They started to get in hentai DVDs. There was a period of about six months maybe six years ago where the store would get in hentai DVDs. Not a few, a bunch of them, almost weekly. They'd put them amongst the new-release titles, filling the top row of the shelves with cartoon sluts with giant eyes and watermelon breasts. It was baffling. I'd never actually seen any hentai DVDs before. Like anywhere, not even in the anime/manga store in the city that sells NTSC DVDs and oddly specific anime artbooks. Anyways, the video store had them in abundance.
So there were a few things that weirded me out about this.

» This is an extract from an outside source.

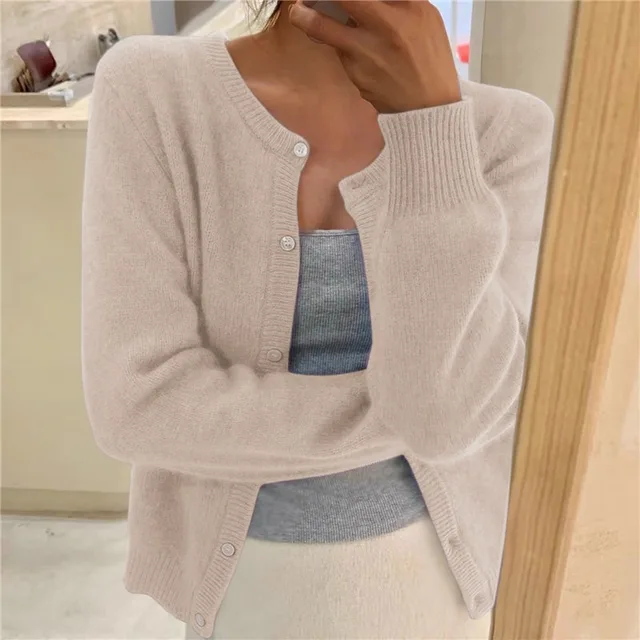 Cardigan Damen – Lässiger Schnitt mit eleganter Knopfleiste | A&B - 3 - Annoboutique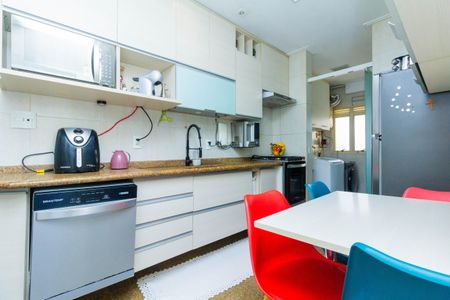 Apartamento à venda com 210m², 3 quartos e 3 vagasCozinha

1. They would have had to order the specific tapes in. Video stores had to order their tapes in. Back in the VHS days some stores would get in videos if they were requested enough. These sorts of DVDs are the kind that I'd assume would have to be specifically ordered in.
2. There would have presumably been demand for this. You don't get in over a dozen cartoon porno DVDs if there isn't a market for it. So presumably there was demand somewhere. How did this happen? Did somebody once go into a video store and as for some cartoon porn? And once rebuffed would whatever employee who got the request then follow it up?
3. Despite #2, I don't think I ever saw any of the tapes having been taken out. This store is the type where, if a new release tape has been taken out, they put a little tag on the DVD case to tell you the tape is out. I never saw this on any of the tapes at any time. So the DVDs never got rented but they kept getting more in.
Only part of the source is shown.